A la sazón, sin embargo, La Pampilla ya era otro lugar inconfundible de celebraciones populares y patrióticas, contando después con la presencia de presidentes de la República en las mismas. Una de estas pintorescas escenas, que alcanzan su auge en las fiestas dieciocheras, había sido reproducida por el pintor y viajero alemán Mauricio Rugendas en su “Llegada del presidente Prieto a la Pampilla para la fiesta nacional de 1834”, correspondiente a uno de los cuadros costumbristas más importantes de la pintura histórica en Chile.

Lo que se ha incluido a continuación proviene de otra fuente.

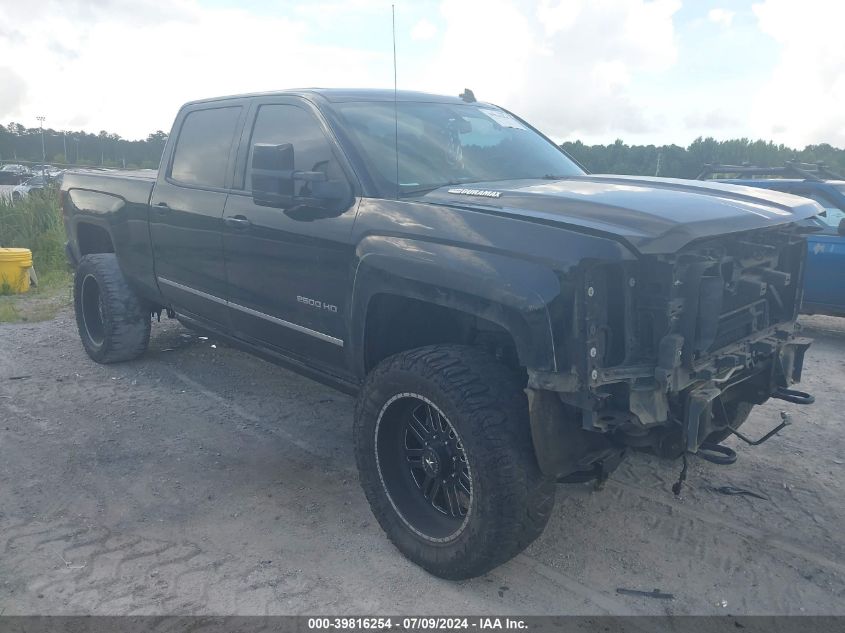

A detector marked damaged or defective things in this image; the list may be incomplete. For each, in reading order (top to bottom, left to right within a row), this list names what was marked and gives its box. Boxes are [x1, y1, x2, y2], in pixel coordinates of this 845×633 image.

crumpled hood [418, 175, 820, 254]
front end damage [528, 225, 812, 482]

Bulnes, en tanto, llegaría a la presidencia en 1841, poniendo en marcha la adquisición de los terrenos de La Pampilla para pleno uso público. Con este propósito, permutó en parte de pago otro terreno, el 14 de junio del año siguiente. El nuevo gran paño fiscal era un área rectangular de grandes proporciones conocida como el Campo de Marte, en el sitio de los tradicionales ejercicios militares en el extremo sur del área urbana de Santiago.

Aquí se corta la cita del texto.